SOFTWARE GNU Parallel

GNU Parallel is a great tool for executing commands in parallel on one or more nodes. If you put all of your commands in a file named commands.txt you can have GNU Parallel dynamically distribute the commands across all of the nodes and cores that were requested by a pbs job.

Single-node Examples

You have a file named commands.txt containing a list of commands and want to run one command per core:

$ module load parallel
$ parallel < commands.txt

GNU Parallel automatically identifes the number of cores on the node and runs one command per core. Use the –jobs option to specify a different number of concurrent commands:

$ module load parallel
$ parallel --jobs 2 < commands.txt

You want to run the same command (FastQC) on many (fastq) files, running one command per core:

$ module load parallel
$ module load fastqc
$ find ~/fastqfolder -name *.fastq | parallel "fastqc {}"

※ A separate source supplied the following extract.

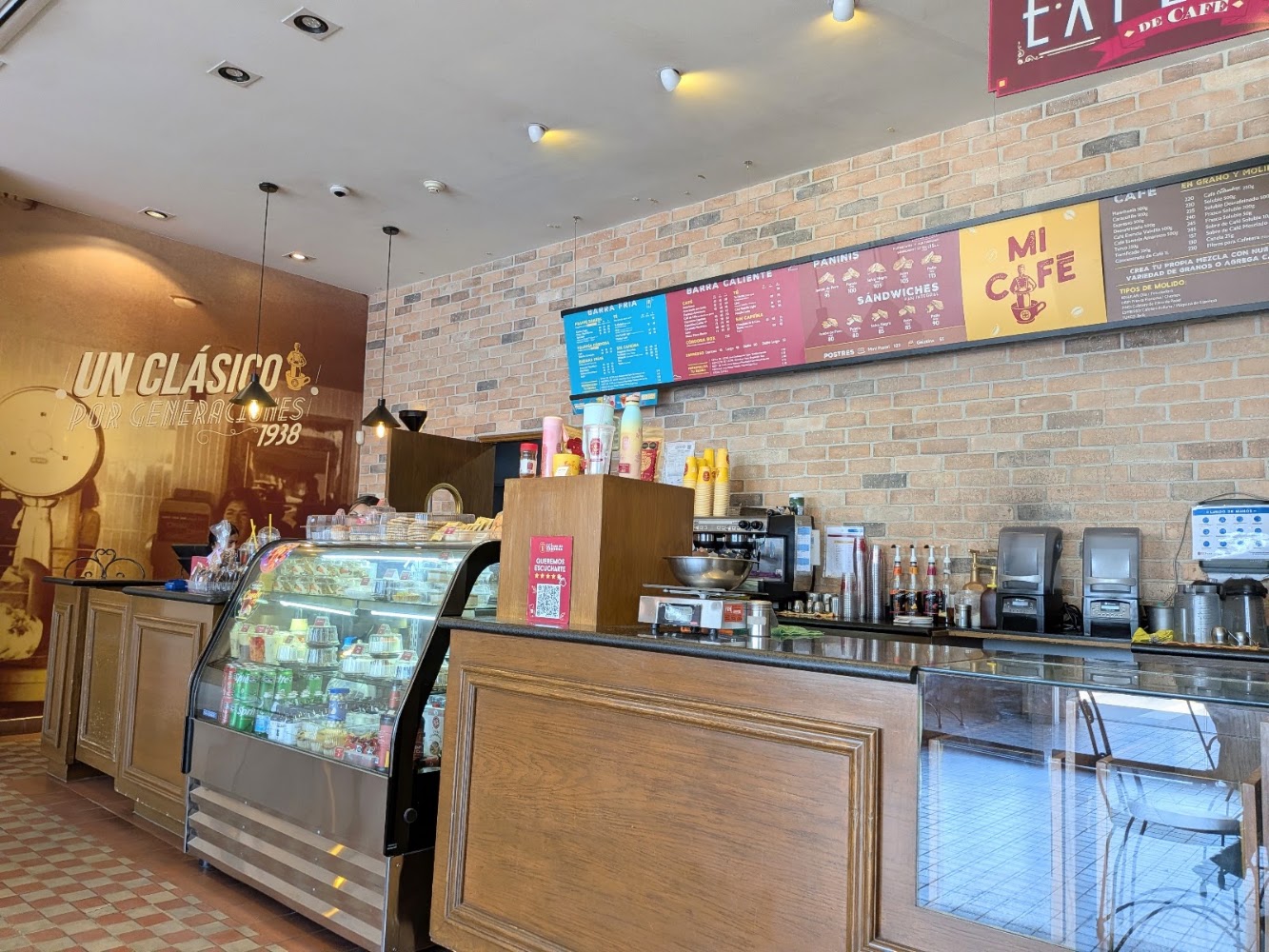 Café La Flor de Córdoba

You want to run the same command (wc -l) on many files, running one command per core, saving the output to files named EXAMPLE.fastq.out in the same directory as the fastq files:

$ module load parallel
$ find ~/fastqfolder -name *.fastq | parallel "wc -l {} > {}.out"

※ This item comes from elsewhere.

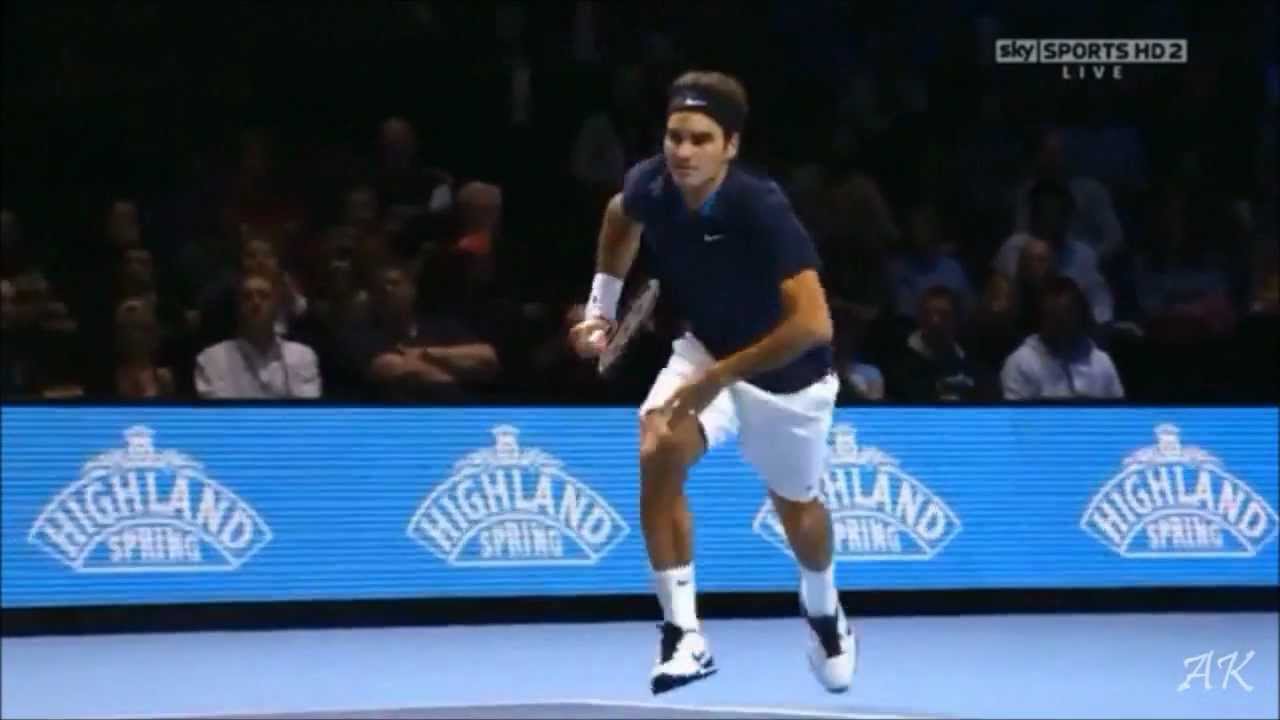 Roger Federer - Just Admire (HD)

You want to run the same command (wc -l) on many files, running one command per core, saving the output to files named EXAMPLE.fastq.out in a different directory:

$ module load parallel
$ find ~/fastqfolder -name *.fastq | parallel "wc -l {} > ~/output/{/}.out"

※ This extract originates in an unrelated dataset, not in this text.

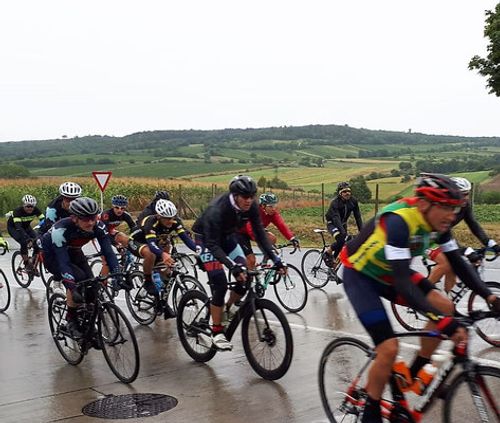 Austria Race Across Burgenland 26.08.2018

You want to run the same command (wc -l) on many files, running one command per core, saving the output to files named EXAMPLE.out in the current working directory:

$ module load parallel
$ find ~/fastqfolder -name *.fastq | parallel "wc -l {} > {/.}.out"

Multi-node Examples

If you pass GNU Parallel a file with a list of nodes it will run jobs on each node. The PBS environment variable PBS_NODEFILE points to a file that lists all nodes allocated to the current job, however each node is listed once for each core on the node. Therefore you need to either tell GNU Parallel to run one job per node, or remove duplicate node names from the node file.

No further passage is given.